~/writing/cannot-average-percentiles
You cannot average percentiles
Finding an IMAP server's real capacity means driving load from many hosts at once. The hard part isn't generating the load. It's combining their latencies into one honest P99 without quietly lying about it.
How many operations a second can an IMAP server actually sustain before it stops keeping up? Sounds simple. It isn't, and the difficulty isn't in producing the load.
One client can't produce enough of it. A single machine saturates its own CPU and network long before it stresses a real mail server, so you generate load from many hosts at once. Dovecot's imaptest is the honest way to drive each one: a full IMAP session, login, list, select, fetch, store, append, logout, not just a tight APPEND loop. Run it across a fleet and you have plenty of load. Now you have to combine what each host measured, and that is where it gets statistically ugly.
Finding the knee
The number worth reporting isn't peak throughput. It's the rate at which the server stops keeping up. Step the offered rate up, 1k/s, 2k, 4k, and watch the gap open between what you asked for and what actually got delivered. The knee is the first rate where delivered throughput drops below some fixed fraction of target, say 90 percent. Below it the server tracks demand; above it, asking for more buys you errors and longer tails, not more work done. The exact threshold is arbitrary, but pick one and hold it, so "where it falls over" becomes a number you can plot and compare between runs instead of a gut call.
The trap: percentiles don't average
Every host measures its own latencies. The tempting way to get a cluster-wide P99 is to take each host's P99 and average them. That number is wrong, and wrong in a way that looks plausible enough to ship.
A percentile is a property of a distribution, not something you can take the mean of. The P99 of the combined latencies of fifty machines is generally not the average of their fifty P99s. Say one host drew the accounts that hash to a slow backend: its P99 is 400 ms while everyone else sits at 90. Average the per-host P99s and that host is one vote in fifty, smeared into nothing. But its slow requests are real requests a real user would have made. They belong in the tail. Averaging the percentiles erases exactly the tail you were trying to measure.
The mean of percentiles is not a percentile of anything
P99(A ∪ B) is not (P99(A) + P99(B)) / 2. You can't rebuild a percentile of the union from per-group percentiles, and definitely not from per-group means. An honest cluster percentile needs the actual combined distribution, or a faithful sample of it. There is no shortcut that keeps the tail, and the tail is the whole report.
The fix: sample, then pool
You need the real distribution across all hosts, but shipping every latency from every machine running flat out for a minute is a lot of data to move. So have each host keep its raw samples and return a uniform random subsample, a few thousand points per phase. Concatenate those subsamples into one pool and compute the percentiles from the pool.
Uniform sampling is what makes it honest. Because each host samples its own latencies uniformly, the pool is itself a uniform sample of the true cluster-wide distribution, tail included. The slow host's 400 ms requests appear in the pool in proportion to how many there actually were. A P99 over the pool is a real estimate of the real cluster P99, not an average of summaries that already threw the distribution away.

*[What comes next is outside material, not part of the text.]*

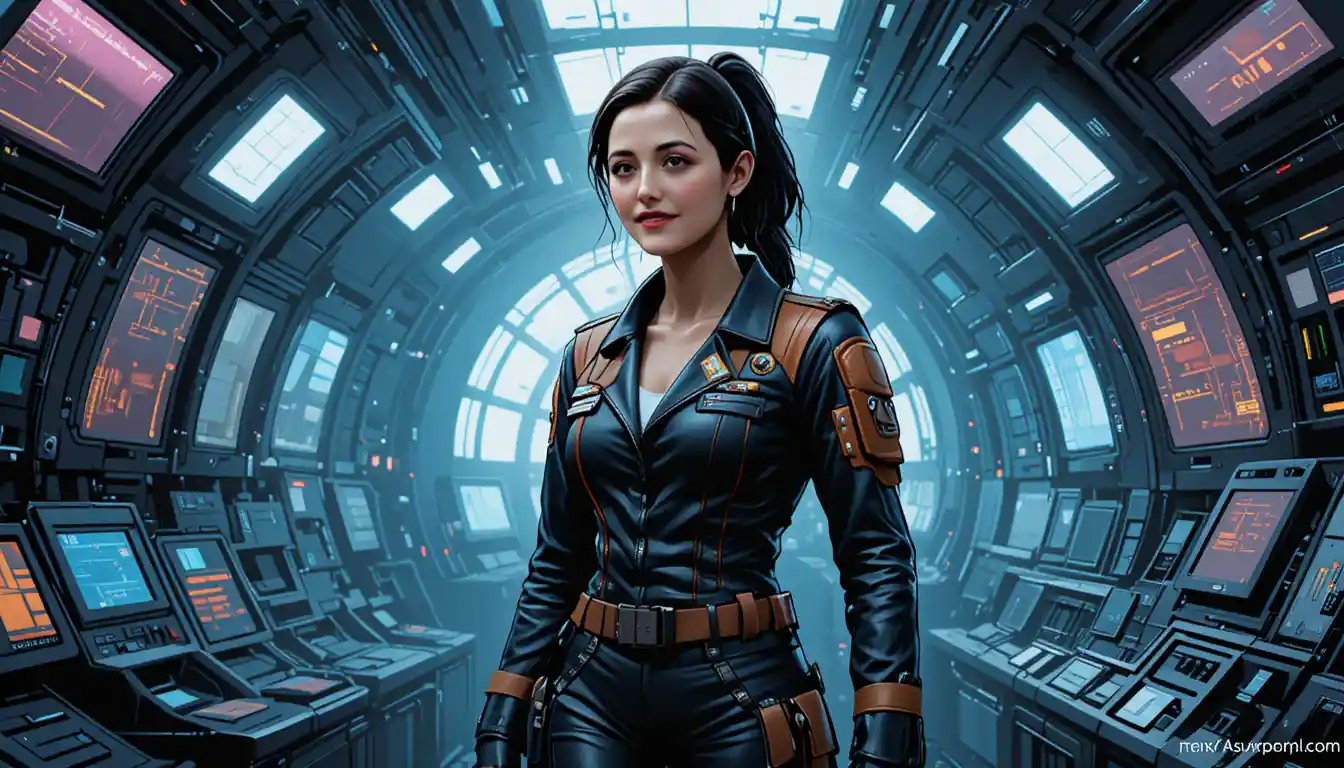 Focused female pilot in a dim futuristic spaceship cockpit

Keep the phases apart, too:
- Dial: time to complete the TLS handshake, per connection.
- Login: time for the IMAP LOGIN. Often bimodal: a warm auth cache answers in microseconds, a cache miss pays the full bcrypt cost. Blended into everything else, the two populations average into a meaningless middle. On its own, the cliff is obvious.
- Append and fetch: the actual mailbox work.
A single "latency" number hides all of it. The bcrypt cliff only shows up when login is measured on its own.
Make the load resemble real users
Honest aggregation is wasted on a caricature workload. Two things matter most. Put the same account on several hosts at once: real users hit one mailbox from a phone, a laptop, and webmail at the same time, and that concurrency is what stresses the server's per-user locking. And open more than one session per account, because a single connection's synchronous request-and-reply hides the server's real concurrency ceiling.
Two failure modes are worth designing out before they pollute the numbers. If every host dials at the same instant you measure your own thundering herd at t=0, not steady-state capacity, so stagger the starts across a window. And when a connection errors and reconnects, jitter the backoff; otherwise one server hiccup resynchronizes every client onto the same beat and you have built a self-inflicted spike.
Count errors by kind, not just total
When requests fail, group them by normalized message instead of reporting a bare count. "A hundred errors" could be a capacity limit or a server bug. "Mostly login timeouts" and "mostly server errors on append" point at completely different problems, and you cannot tell which from the total alone.
A load test is only as honest as its worst aggregation step. You can generate flawless load and still publish a fiction if you average the percentiles at the end. Keep the distribution, sample it uniformly, pool the samples, and let the tail speak for itself.